▶ Exercise details
Below are some records; reproduce every one of them exactly.

Records for the task section start

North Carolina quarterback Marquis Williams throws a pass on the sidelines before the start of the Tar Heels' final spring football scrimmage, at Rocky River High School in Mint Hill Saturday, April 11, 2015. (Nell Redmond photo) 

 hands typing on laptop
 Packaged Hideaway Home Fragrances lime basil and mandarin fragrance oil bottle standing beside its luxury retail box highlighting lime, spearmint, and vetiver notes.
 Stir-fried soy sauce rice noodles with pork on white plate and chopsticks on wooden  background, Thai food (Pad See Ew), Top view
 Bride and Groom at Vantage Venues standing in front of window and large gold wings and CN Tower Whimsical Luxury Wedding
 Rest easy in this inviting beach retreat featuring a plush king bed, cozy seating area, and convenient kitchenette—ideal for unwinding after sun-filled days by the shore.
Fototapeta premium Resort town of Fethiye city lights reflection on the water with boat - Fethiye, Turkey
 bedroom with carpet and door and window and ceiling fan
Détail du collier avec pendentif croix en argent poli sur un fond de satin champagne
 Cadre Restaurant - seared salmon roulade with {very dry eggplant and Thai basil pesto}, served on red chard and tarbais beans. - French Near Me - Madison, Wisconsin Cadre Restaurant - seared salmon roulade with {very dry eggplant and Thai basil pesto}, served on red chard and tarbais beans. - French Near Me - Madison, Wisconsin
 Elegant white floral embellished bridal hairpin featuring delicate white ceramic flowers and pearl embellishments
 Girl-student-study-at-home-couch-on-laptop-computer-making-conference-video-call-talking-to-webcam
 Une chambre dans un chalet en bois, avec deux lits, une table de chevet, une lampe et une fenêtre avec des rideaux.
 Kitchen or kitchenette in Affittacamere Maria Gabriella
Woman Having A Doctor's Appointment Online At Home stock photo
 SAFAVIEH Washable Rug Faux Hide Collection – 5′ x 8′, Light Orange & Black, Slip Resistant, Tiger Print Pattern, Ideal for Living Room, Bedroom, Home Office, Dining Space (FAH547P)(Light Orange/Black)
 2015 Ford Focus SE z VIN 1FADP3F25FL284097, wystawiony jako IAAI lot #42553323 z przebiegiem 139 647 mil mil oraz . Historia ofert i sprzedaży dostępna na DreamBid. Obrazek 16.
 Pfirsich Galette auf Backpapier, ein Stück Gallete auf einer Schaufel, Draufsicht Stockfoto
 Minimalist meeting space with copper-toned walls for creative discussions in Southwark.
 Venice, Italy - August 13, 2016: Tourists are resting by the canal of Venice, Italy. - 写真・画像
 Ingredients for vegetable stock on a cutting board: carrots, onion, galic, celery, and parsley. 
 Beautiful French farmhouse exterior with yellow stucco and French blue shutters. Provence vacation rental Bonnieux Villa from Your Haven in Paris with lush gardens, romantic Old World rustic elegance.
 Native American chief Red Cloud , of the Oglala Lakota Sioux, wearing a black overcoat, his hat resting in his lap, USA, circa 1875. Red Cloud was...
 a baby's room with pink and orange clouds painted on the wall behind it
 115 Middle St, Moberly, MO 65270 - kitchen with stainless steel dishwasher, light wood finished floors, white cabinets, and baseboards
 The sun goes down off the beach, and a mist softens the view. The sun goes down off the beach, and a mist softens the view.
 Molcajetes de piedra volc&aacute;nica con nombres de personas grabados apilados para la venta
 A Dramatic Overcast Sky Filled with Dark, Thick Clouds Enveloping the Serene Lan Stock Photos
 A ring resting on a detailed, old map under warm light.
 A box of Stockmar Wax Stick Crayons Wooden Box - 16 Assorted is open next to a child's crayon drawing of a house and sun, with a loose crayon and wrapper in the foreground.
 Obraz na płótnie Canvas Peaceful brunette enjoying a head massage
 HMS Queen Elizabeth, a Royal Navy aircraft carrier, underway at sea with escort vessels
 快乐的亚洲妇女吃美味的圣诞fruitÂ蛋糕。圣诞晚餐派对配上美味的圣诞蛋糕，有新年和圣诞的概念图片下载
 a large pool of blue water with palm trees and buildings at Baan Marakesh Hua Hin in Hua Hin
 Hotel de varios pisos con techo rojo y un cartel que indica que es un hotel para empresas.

Records for the task section end

▶ Reply to the task
North Carolina quarterback Marquis Williams throws a pass on the sidelines before the start of the Tar Heels' final spring football scrimmage, at Rocky River High School in Mint Hill Saturday, April 11, 2015. (Nell Redmond photo) 

 hands typing on laptop
 Packaged Hideaway Home Fragrances lime basil and mandarin fragrance oil bottle standing beside its luxury retail box highlighting lime, spearmint, and vetiver notes.
 Stir-fried soy sauce rice noodles with pork on white plate and chopsticks on wooden  background, Thai food (Pad See Ew), Top view
 Bride and Groom at Vantage Venues standing in front of window and large gold wings and CN Tower Whimsical Luxury Wedding
 Rest easy in this inviting beach retreat featuring a plush king bed, cozy seating area, and convenient kitchenette—ideal for unwinding after sun-filled days by the shore.
Fototapeta premium Resort town of Fethiye city lights reflection on the water with boat - Fethiye, Turkey
 bedroom with carpet and door and window and ceiling fan
Détail du collier avec pendentif croix en argent poli sur un fond de satin champagne
 Cadre Restaurant - seared salmon roulade with {very dry eggplant and Thai basil pesto}, served on red chard and tarbais beans. - French Near Me - Madison, Wisconsin Cadre Restaurant - seared salmon roulade with {very dry eggplant and Thai basil pesto}, served on red chard and tarbais beans. - French Near Me - Madison, Wisconsin
 Elegant white floral embellished bridal hairpin featuring delicate white ceramic flowers and pearl embellishments
 Girl-student-study-at-home-couch-on-laptop-computer-making-conference-video-call-talking-to-webcam
 Une chambre dans un chalet en bois, avec deux lits, une table de chevet, une lampe et une fenêtre avec des rideaux.
 Kitchen or kitchenette in Affittacamere Maria Gabriella
Woman Having A Doctor's Appointment Online At Home stock photo
 SAFAVIEH Washable Rug Faux Hide Collection – 5′ x 8′, Light Orange & Black, Slip Resistant, Tiger Print Pattern, Ideal for Living Room, Bedroom, Home Office, Dining Space (FAH547P)(Light Orange/Black)
 2015 Ford Focus SE z VIN 1FADP3F25FL284097, wystawiony jako IAAI lot #42553323 z przebiegiem 139 647 mil mil oraz . Historia ofert i sprzedaży dostępna na DreamBid. Obrazek 16.
 Pfirsich Galette auf Backpapier, ein Stück Gallete auf einer Schaufel, Draufsicht Stockfoto
 Minimalist meeting space with copper-toned walls for creative discussions in Southwark.
 Venice, Italy - August 13, 2016: Tourists are resting by the canal of Venice, Italy. - 写真・画像
 Ingredients for vegetable stock on a cutting board: carrots, onion, galic, celery, and parsley. 
 Beautiful French farmhouse exterior with yellow stucco and French blue shutters. Provence vacation rental Bonnieux Villa from Your Haven in Paris with lush gardens, romantic Old World rustic elegance.
 Native American chief Red Cloud , of the Oglala Lakota Sioux, wearing a black overcoat, his hat resting in his lap, USA, circa 1875. Red Cloud was...
 a baby's room with pink and orange clouds painted on the wall behind it
 115 Middle St, Moberly, MO 65270 - kitchen with stainless steel dishwasher, light wood finished floors, white cabinets, and baseboards
 The sun goes down off the beach, and a mist softens the view. The sun goes down off the beach, and a mist softens the view.
 Molcajetes de piedra volc&aacute;nica con nombres de personas grabados apilados para la venta
 A Dramatic Overcast Sky Filled with Dark, Thick Clouds Enveloping the Serene Lan Stock Photos
 A ring resting on a detailed, old map under warm light.
 A box of Stockmar Wax Stick Crayons Wooden Box - 16 Assorted is open next to a child's crayon drawing of a house and sun, with a loose crayon and wrapper in the foreground.
 Obraz na płótnie Canvas Peaceful brunette enjoying a head massage
 HMS Queen Elizabeth, a Royal Navy aircraft carrier, underway at sea with escort vessels
 快乐的亚洲妇女吃美味的圣诞fruitÂ蛋糕。圣诞晚餐派对配上美味的圣诞蛋糕，有新年和圣诞的概念图片下载
 a large pool of blue water with palm trees and buildings at Baan Marakesh Hua Hin in Hua Hin
 Hotel de varios pisos con techo rojo y un cartel que indica que es un hotel para empresas.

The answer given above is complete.